Hay dos formas de viajar al Amazonas. Dos viajes diferentes que te hacen percibirla de una u otra manera más o menos especial. Os voy a contar mi historia, de cómo una de ellas me fascinó y la otra me enamoró.
El Amazonas, y cualquier selva en general, te hace salir de tu zona de comfort completamente, pero también te hace salir de tus propias capacidades, esas que pensabas que te identificaban como la persona que eres. Cuando viajas allí eres un ser completamente diferente. Es cierto que, para conseguir tal estado de complicidad con aquella abundante naturaleza, debes tener la capacidad de olvidar todo lo turístico y embarcarte en la aventura de la improvisación, dejándote llevar por los lugares, las personas y la magia que en aquel lugar se percibe. Estar donde te sientas bien. Comer lo que realmente te plazca. Vestirte sin importar como te miren los demás. De hecho, no te miran. Allí todos somos iguales.
La primera vez que viajé al Amazonas en el año 2015, mis ansias por descubrir aquella tierra en la que se inspiran tantos libros, tantas películas, aquella tierra sagrada para tantas personas y peligrosa para muchos otros, hicieron que no la descubriera como realmente es, sino como me la vendían. Sí, claro que lo disfruté. Pero no me enamoré. No fui capaz de escuchar más allá de lo que veía. No fui capaz de conectar con el paisaje. Simplemente me llené de colores y sonidos que después de un tiempo olvidé.
La segunda vez que regresé fue como un regalo. Algo que no esperaba ni tenía en mis planes pero que, de alguna forma, estaba destinada a vivir para descubrir lo que en aquel entonces desaproveché. El Amazonas me estaba dando una segunda oportunidad.
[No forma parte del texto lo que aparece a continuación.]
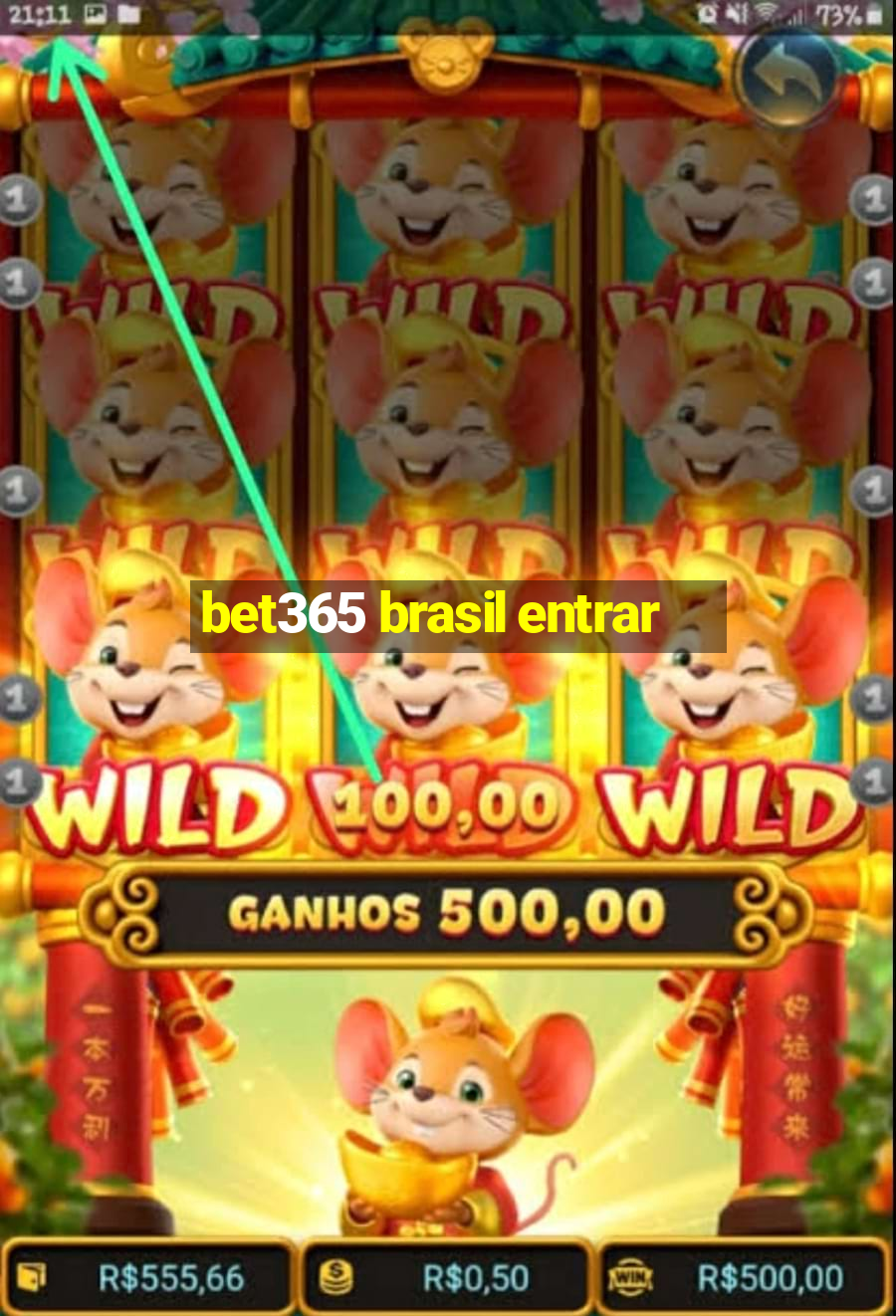 bet365 brasil entrar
Le dediqué mucho más tiempo a estar parada frente a un riachuelo o un árbol lleno de vida, frente a la gente pescando en el río o vendiendo frutas recién cogidas de las magníficas palmeras. Simplemente, me paré. Quieta. Incluso ver algún insecto del tamaño de mi mano me dejaba alucinada pero nunca tuve terror o asco por ver aquello que en la ciudad habría sido traumático. Estaba conectada. Con el calor, la humedad y el aire que allí se respira.
Puede que los lugares que conocí en esta segunda vez fuesen mucho más auténticos, como el maravilloso pueblito de Puerto Nariño, donde no existe ni un solo cajero automático, la gente anda descalza a todos lugares y solo es posible encontrar wifi en la plaza del ayuntamiento y de madrugada, cuando los funcionarios no lo utilizan. Esos detalles hacían aquel lugar tan atractivo como enigmático. Viajamos hasta allí con la intención de quedarnos dos noches y acabamos seis días en aquel recóndito paraje.
Entonces comprendí que este tipo de viajes hay que hacerlos con alguien que esté igual de conectado que tú. Porque no son los lugares los que atrapan, sino las personas que conoces y los momentos que vives en esos lugares. Es importante disfrutar el presente porque puede que cuando vuelvas nada sea igual. Por eso, aquella primera vez, ansiosa yo por querer contarlo todo en cuanto volviese, no me dejó ver lo que realmente tenía ante mis ojos.